BRIDE OF CHUCKY was part of the first wave of horror movies produced in response to the popularity of SCREAM (1996), SCREAM 2 (1996) and I KNOW WHAT YOU DID LAST SUMMER (1997).
1998 horror-ish movies, in release order:
PHANTOMS, DEEP RISING, SPECIES II, NIGHTWATCH, DISTURBING BEHAVIOR, HALLOWEEN H20: 20 YEARS LATER, BLADE, CUBE, URBAN LEGEND, STRANGELAND, (BRIDE OF CHUCKY), VAMPIRES, I STILL KNOW WHAT YOU DID LAST SUMMER, PSYCHO, THE FACULTY.

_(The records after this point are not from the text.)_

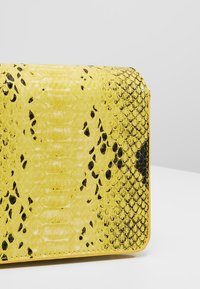Gul pung med sort og mørkebrun slangeskinmønster, tekstureret overflade og afrundede hjørner mod en ensartet lys baggrund.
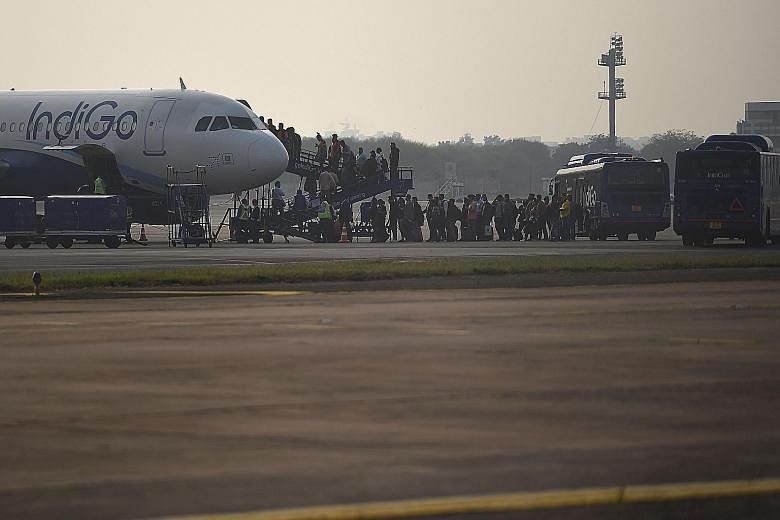 Passengers boarding an IndiGo aircraft at Indira Gandhi International airport in New Delhi. The Indian airline, which has the biggest domestic market share and an enviable profitable run, announced a pay cut for its senior employees last Thursday.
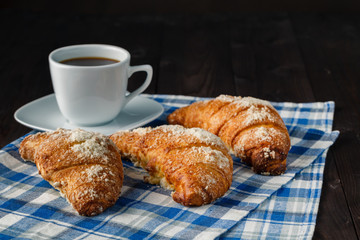 Breakfast with coffee crema, milk, fresh croissants on vintage o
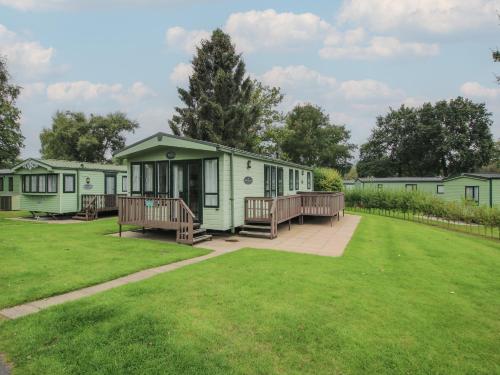 a row of green mobile homes in a park at Dove in Leominster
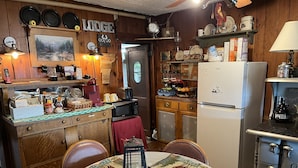 A cozy lodge kitchen with wooden cabinets, a refrigerator, a stove, and a dining table set with placemats. - Seymour Lake Lodge (Morgan)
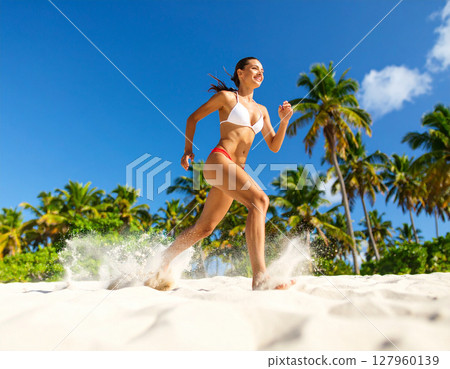 AI generated dynamic low angle shot of woman in red and white bikini running across the camera with sand kicking up, palm trees in background under bright blue sky creating energetic summer atmosphere 127960139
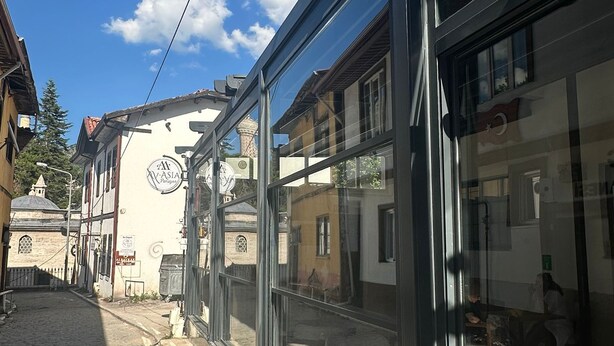 A street view with a building featuring large glass windows and a sign that reads 'AASIA.' - Ay-Asia Suit (Amasya)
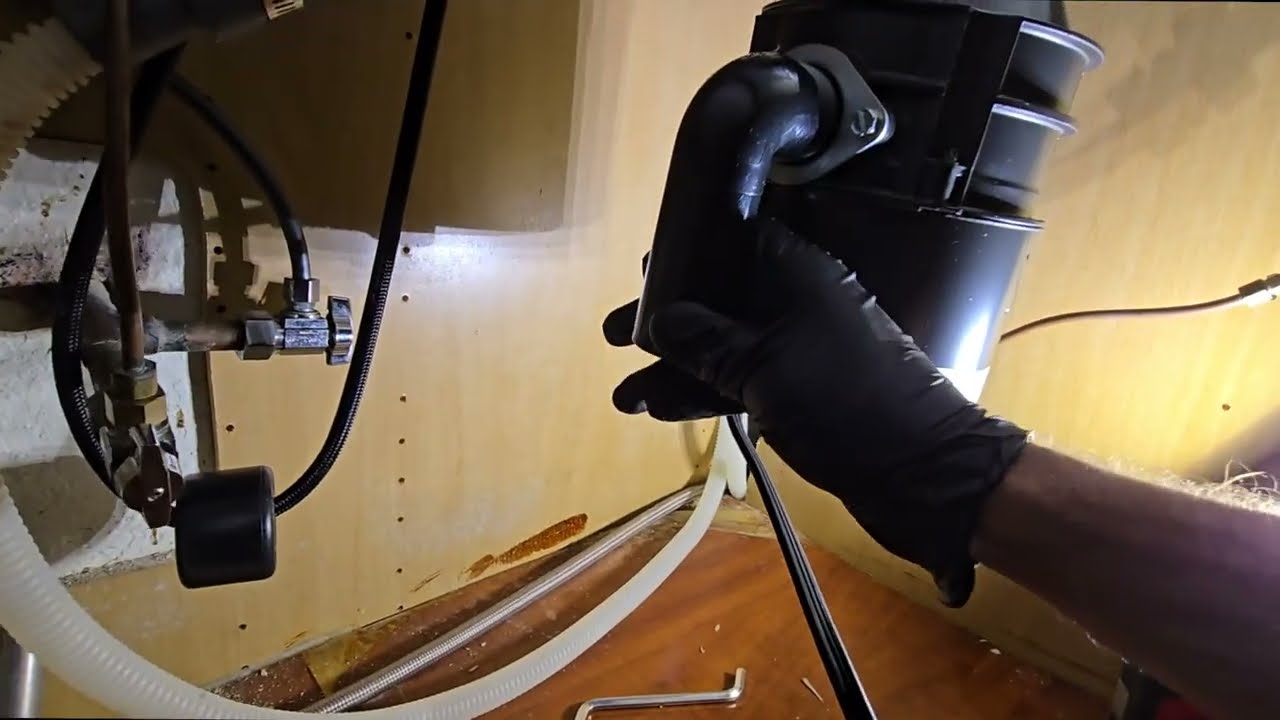 How to replace a garbage disposal and repipe the kitchen sink drain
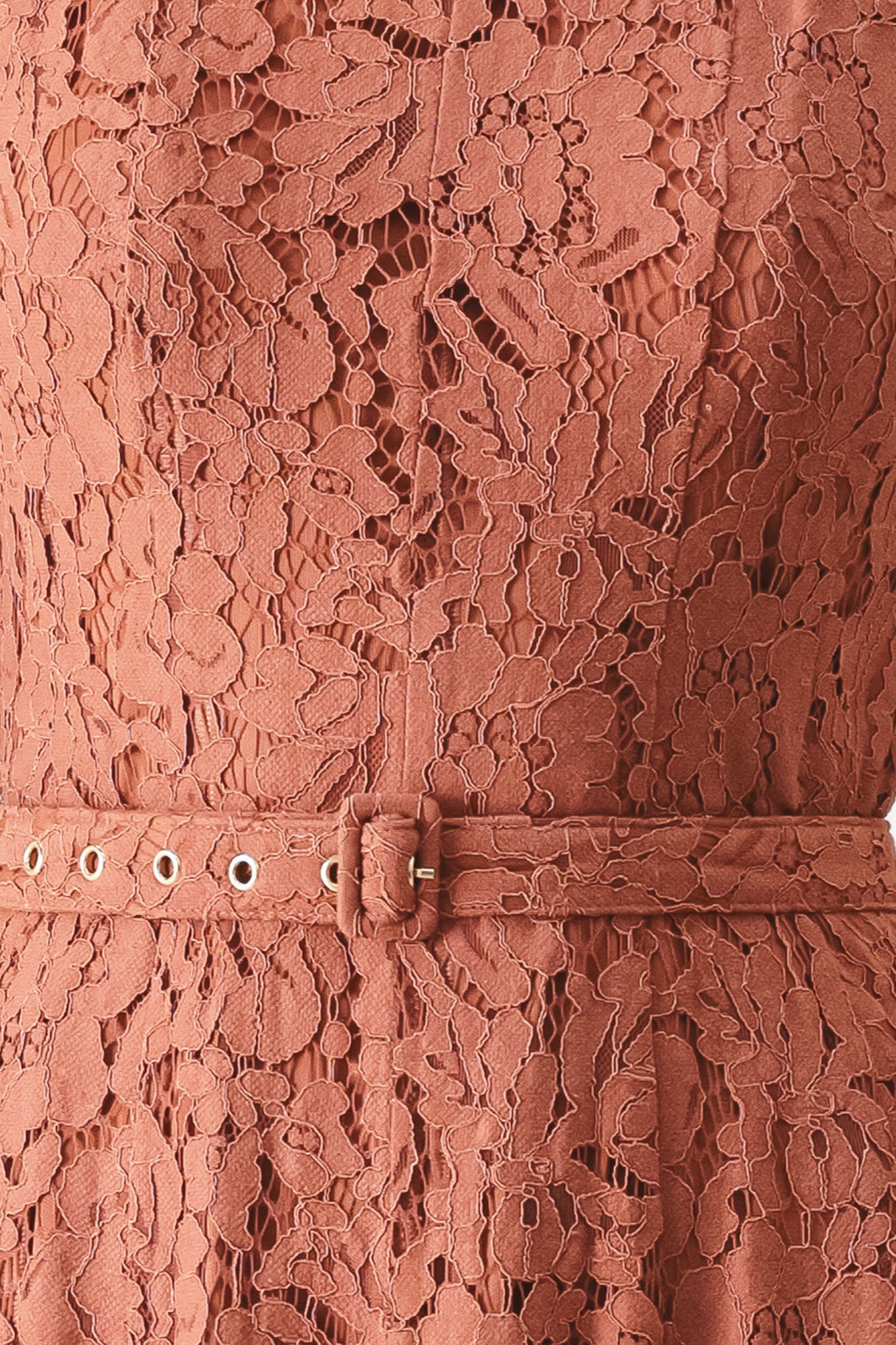 Close up of a rust colored lace midi dress featuring wide neckline, sleeveless, self belt, full circle skirt and back zipper closure | FREEMARKET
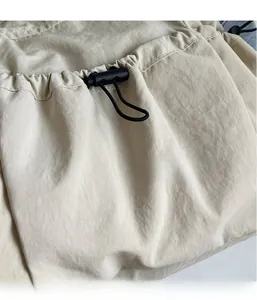 Detail der hellbeigen Tasche aus gewaschenem Stoff mit verstellbaren Kordelzügen und Kordelstoppern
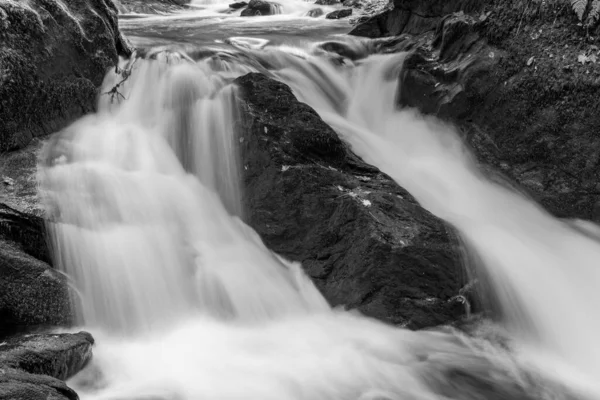 エキスモア国立公園のウォーターズミートの森を流れるイーストリン川の滝の長い露出 — ストック写真
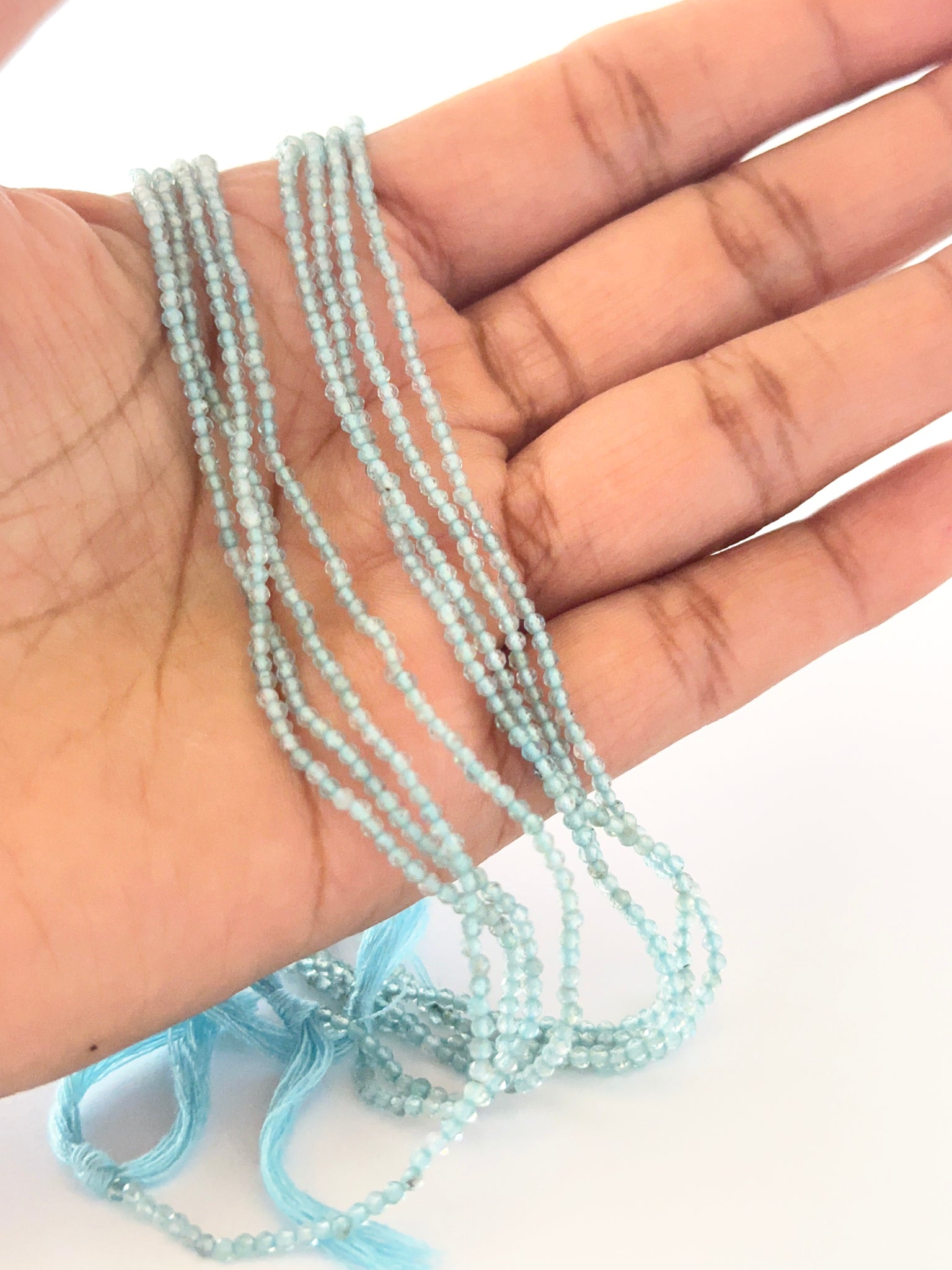 A person holds delicate strands of Aquamarine beads, showcasing their faceted rondelle design.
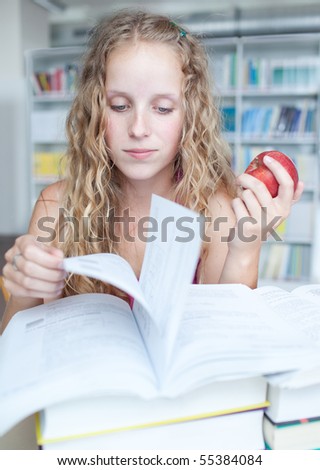 pretty female college student studying in a library/study (color toned image)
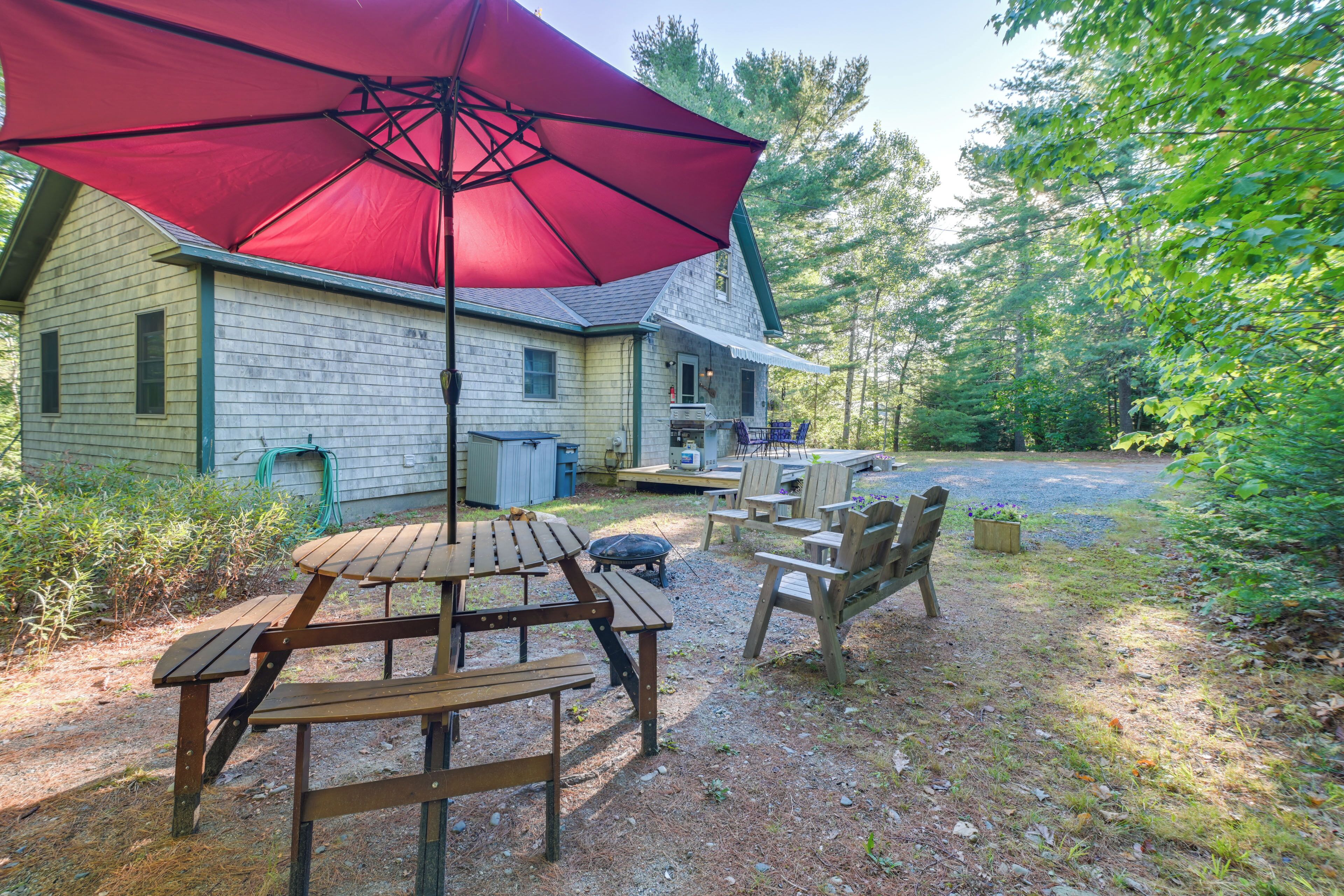 A wooden deck with picnic tables and chairs, a red umbrella, and a house in the background.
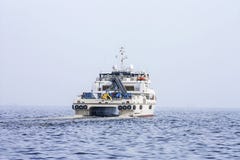 Выйдите от порта Баку в ` Behbudov reshid ` сосуда Каспийского моря, республике Азербайджана, 15-ое марта 2017 стоковые фотографии rf Выйдите от порта Баку в ` Behbudov reshid ` сосуда Каспийского моря, республике Азербайджана, 15-ое марта 2017 стоковые фотографии rf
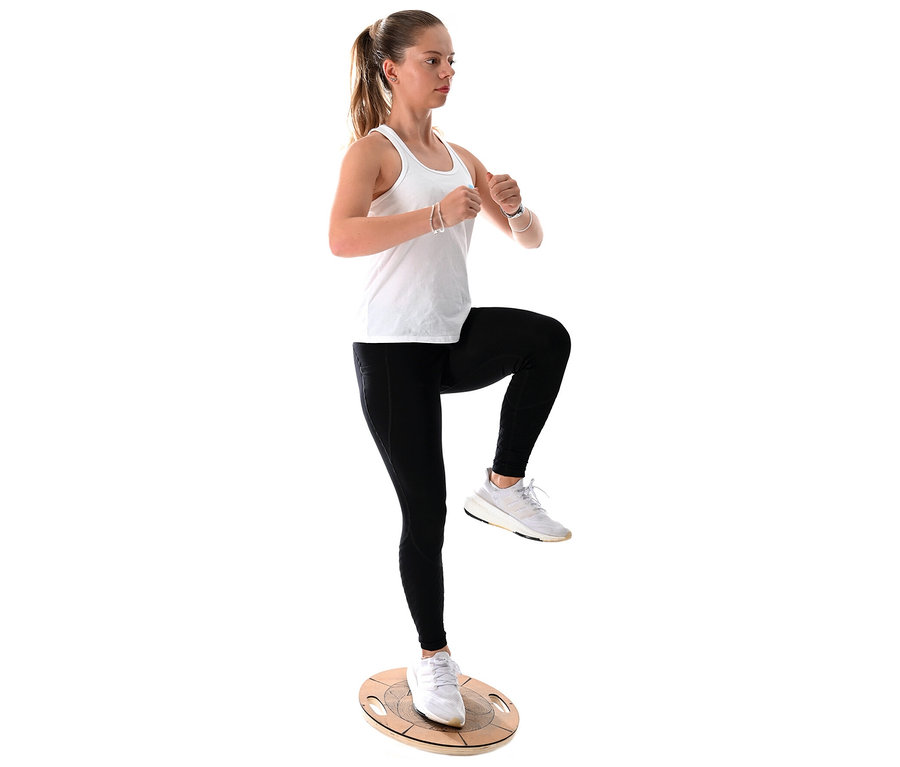 Junge Frau balanciert auf einem F2 Round Balance Plate, das linke Bein angehoben.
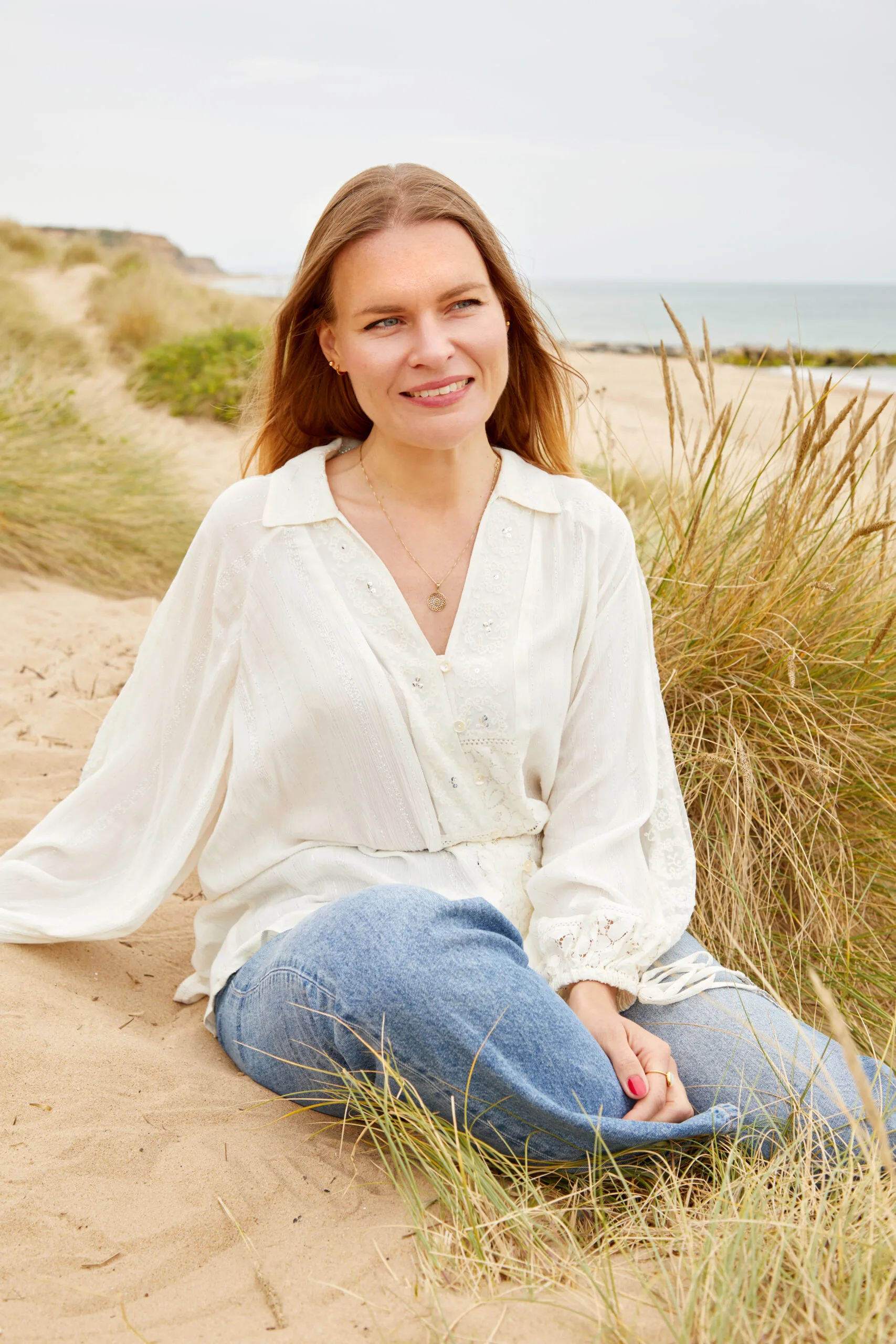 Justyna Rossy, astrologer, smiling and seated in a cream blouse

As for Hong Kong to Hollywood transplants, John Woo had already made HARD TARGET, BROKEN ARROW and FACE/OFF by this point. Tsui Hark’s DOUBLE TEAM (also shot by Pau) came out the year before this, and KNOCK OFF the month before. Earlier in the year we’d seen the releases of Chow Yun Fat’s Hollywood debut THE REPLACEMENT KILLERS, Kirk Wong’s THE BIG HIT. The following March we’d get the Yuen Woo Ping choreographed THE MATRIX.
Heigl went on to become a major TV and movie star for a while, while Stabile remained fairly obscure, but they were reunited five years later on DESCENDANT, based on The Fall of the House of Usher.
Tomorrow: Ronny Yu meets Samuel L. Jackson
April 24th, 2023 at 7:57 am
I’ve really enjoyed this excursion into The Yu Zone immensely. Another excellent review series to add as a notch to your belt there Vern. I’m in the camp that loved this movie when it dropped because it was such a fresh spin on the concept but has now kinda grown to resent it.
Only because of what it has led the franchise to become. I’m a member of this outlawvern.com community so you know I’m all about allowing insane creativity to flow on like the water in the nile. I love that it opened a lane for the CHILD’S PLAY series to not stay boxed in and allowed Mancini to tell personal and idiosyncratic stories we probably wouldn’t have seen otherwise. By the same token I also feel he learned a lot of bad lessons from BRIDE’s success. With that said though; bring on Chucky season 3!